The pile shrinks further:
Kurt Eichenwald (2005), Conspiracy of Fools: A True Story (New York: Broadway: 0767911792).
It's interesting. Eichenwald writes a huge book--800 pages--and at the end of it a casual reader has no understanding of why Enron went bankrupt. Enron reported $11 billion of stockholders' equity as of the end of 2000. It made an additional $2 billion or so during the Great Raid on California in early 2001. Yet by September of 2001 it had $30 billion in debt, $10 billion of which was coming due in the next year, and no net cash flow.
Andy Fastow and his friends didn't take that much via their Raptor and LJM vehicles: $250 million tops. Andy Fastow and company didn't lose all that much by using Raptor, LJM, and other vehicles to place bets on Enron stock on behalf of Enron--$1.25 billion, max. There's still some $11.5 billion of reported stockholders' equity that went missing.

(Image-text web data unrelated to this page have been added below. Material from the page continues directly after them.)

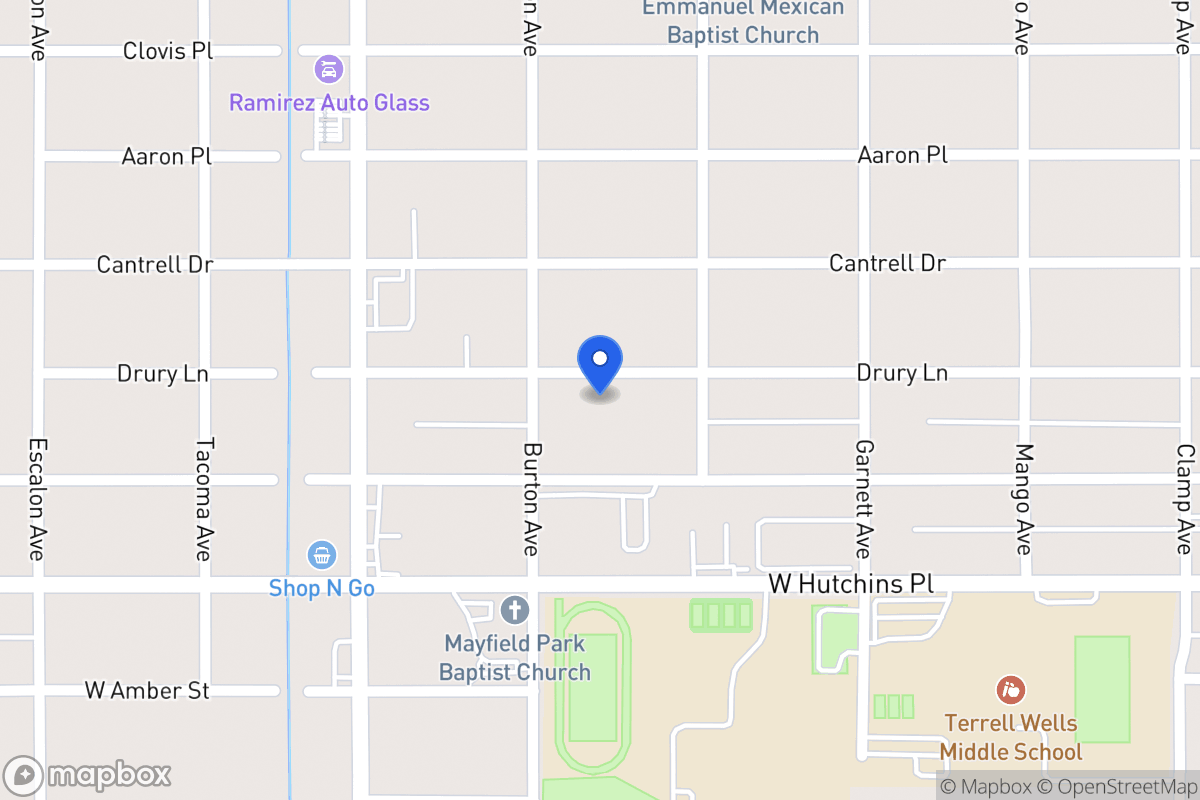Map of 626  Drury Ln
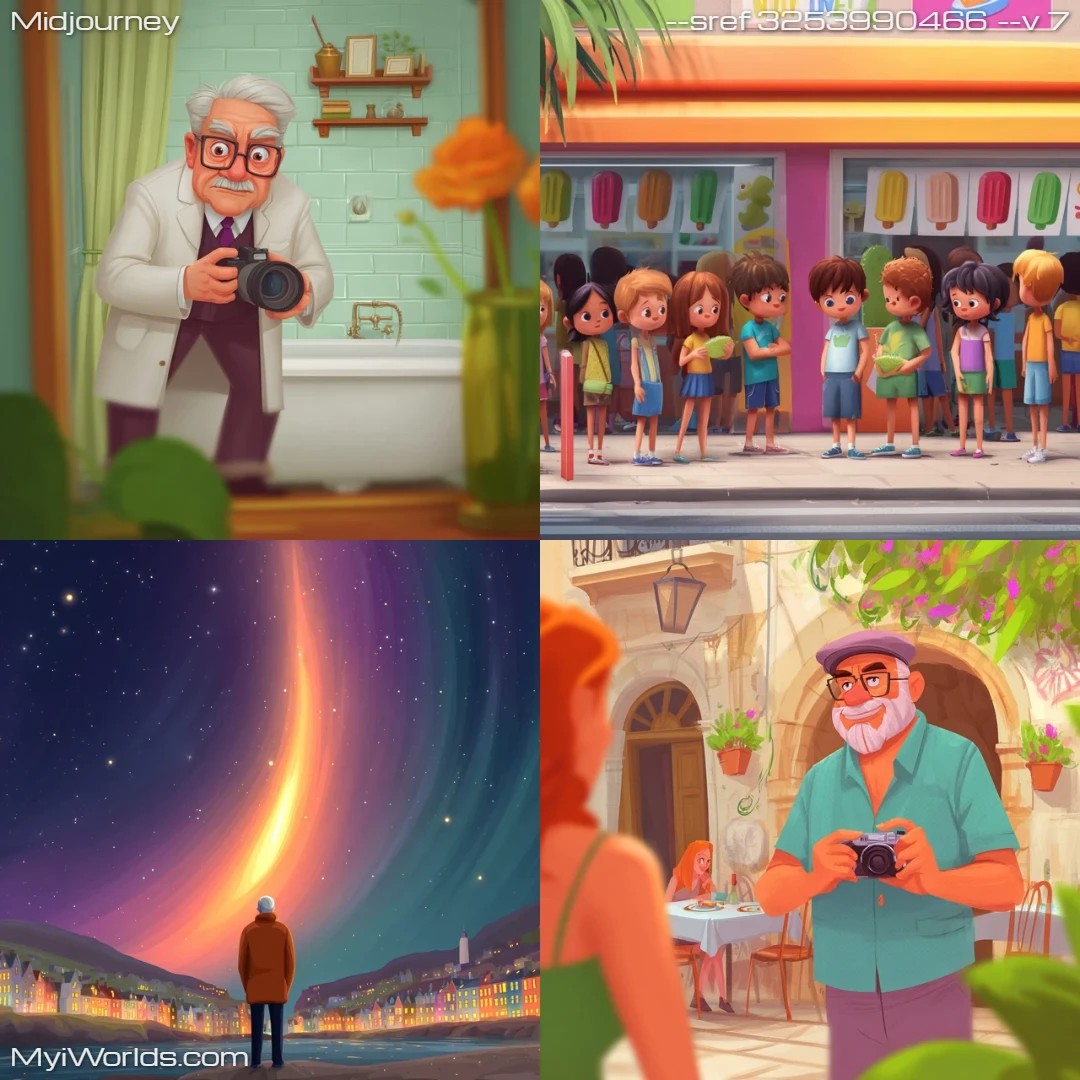 Cartoonish 3D animation with vibrant colors and detailed character design.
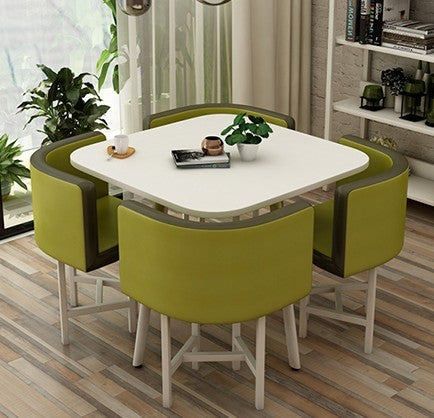 Modern Round Dining Table Set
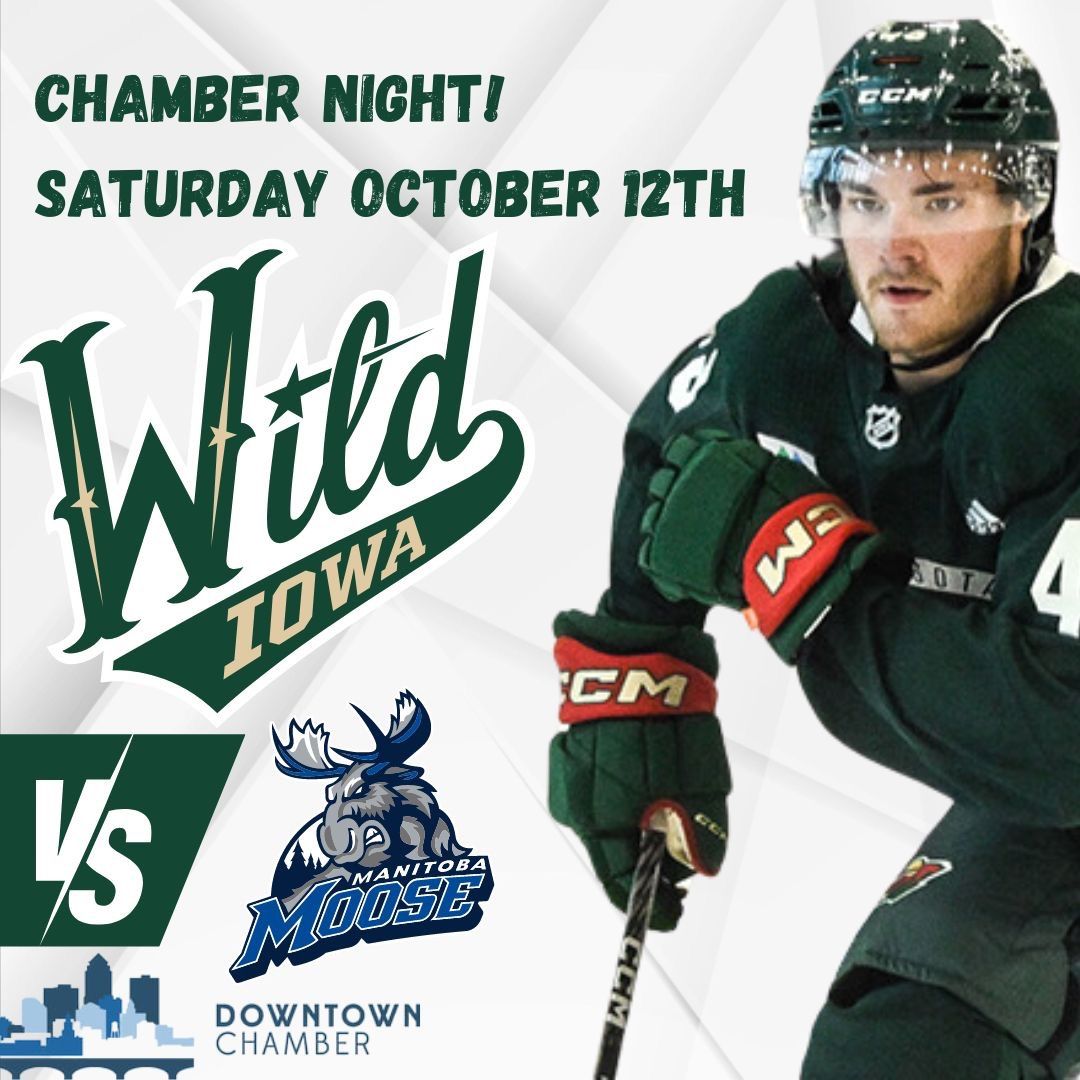 Downtown Chamber Night with the Iowa Wild presented by Media USA Skywalk Advertising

Enron used what it claimed was "mark to market" accounting. Each time a contract was completed, the contract was valued as if it were a liquid security, and the value imputed in that as if process was booked as revenue. This meant that a negotiator desperate to reach a deal could (a) give away the store to the counterparty, and still (b) make assumptions in his "mark to market" valuation that made the deal look really profitable.
Now at least the first generation of Enroners were not profoundly stupid fools: they had people in charge of reviewing and monitoring the contracts made--experts in figuring out what the contract would be worth if it were a liquid security. People like Vince Kaminski, who one day, Eichenwald reports, got a call from Enron President Jeff Skilling:
"There have been some complaints, Vince, that you're not helping people do transactions," Skilling said. "Instead, you are spending all your time acting like cops." A pause. "We don't need cops, Vince."
Skilling's predecessor as President of Enron, Richard Kinder, quit Enron in 1996 when the board of directors refused to anoint him as CEO-heir-apparent. He went out and founded Kinder Morgan, buying up Enron's pipeline operations in 1997 Today Kinder Morgan is a profitable energy transportation and distribution company with a current market value of roughly $25 billion--of which $2.4 billion is Kinder's. You can bet that Richard Kinder very much believes that his company needs "cops."
Nevertheless, $11.5 billion in reported stockholders' equity gone? That's a lot of money to lose because you are allowing your traders and executives to assign optimistic valuations to their own deals.